Codes and Expansions (CodEx) Seminar

David Jekel (University of Copenhagen)
Asymptotic freeness and commutation

Voiculescu’s free probability theory describes the asymptotic behavior of many families of \(n \times n\) random matrices in the large-\(n\) limit, specifically to find the limit of ”joint moments”–the normalized trace of non-commutative polynomials in the matrices \(X_1^{(n)}\), …, \(X_m^{(n)}\). In particular, independent random matrices tend to become freely independent in the limit, a condition on the joint moments that generalizes of the behavior of free products of groups.

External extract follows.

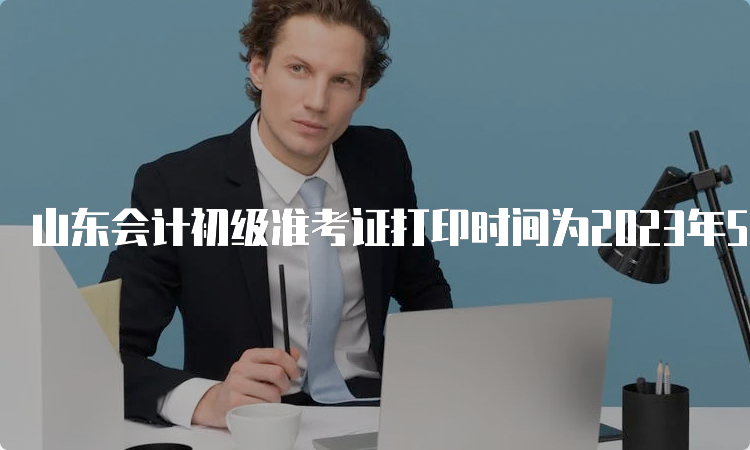 山东会计初级准考证打印时间为2023年5月5日-5月12日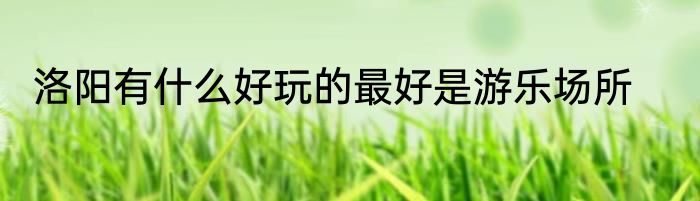 洛阳有什么好玩的最好是游乐场所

Let \(U_1^{(n)}\), \(U_2^{(n)}\), …be independent Haar unitary matrices. We show that if \(B_j^{(n)}\) is any random matrix such that \(U_j^{(n)}\) and \(B_j^{(n)}\) asymptotically commute for each \(j\), then \(B_1^{(n)}\), \(B_2^{(n)}\), …are freely independent. In other words, free independence of the \(U_j^{(n)}\) is also inherited by any family of matrices which individually asymptotically commute with the respective \(U_j^{(n)}\)’s. This result also extends to iterated chains where the consecutive terms asymptotically commute. The proof is based on combining volume and covering-number estimates with concentration of measure.